### TASK TO COMPLETE
Please reproduce every record exactly as written, leaving out the pictures.

Short text fragments from websites:

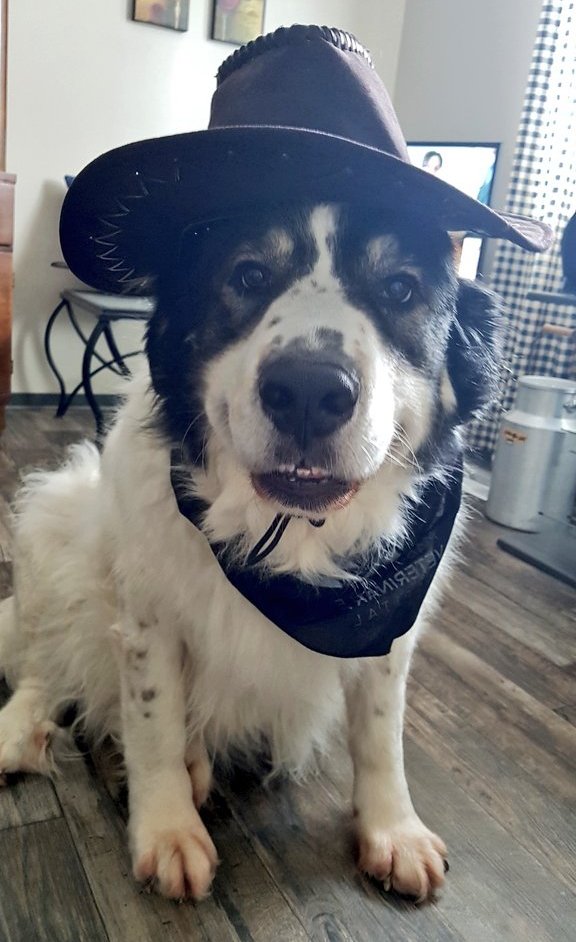 MaryAnntwithead's tweet photo. @rickygervais What in the Sam Hell? 🤠🐶🌮🐈 https://t.co/CNlmVBwlSJ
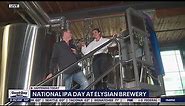 National IPA day at Elysian Brewery | FOX 13 Seattle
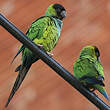 Conure nanday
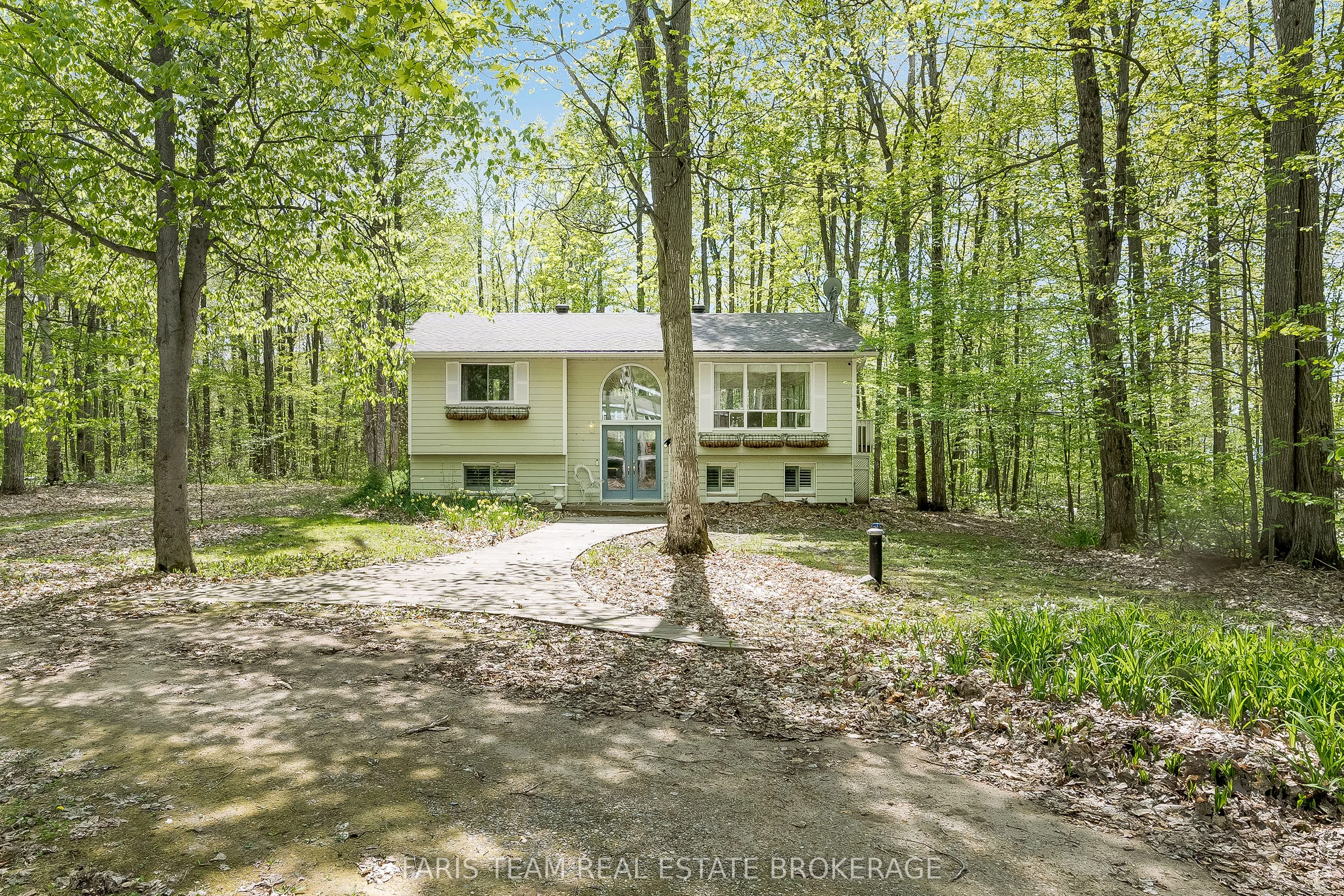104 Silver Birch Drive
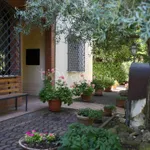 Rent 3 bedroom apartment of 50 m² in Cesena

### WRITTEN ANSWER
 MaryAnntwithead's tweet photo. @rickygervais What in the Sam Hell? 🤠🐶🌮🐈 https://t.co/CNlmVBwlSJ
 National IPA day at Elysian Brewery | FOX 13 Seattle
 Conure nanday
104 Silver Birch Drive
 Rent 3 bedroom apartment of 50 m² in Cesena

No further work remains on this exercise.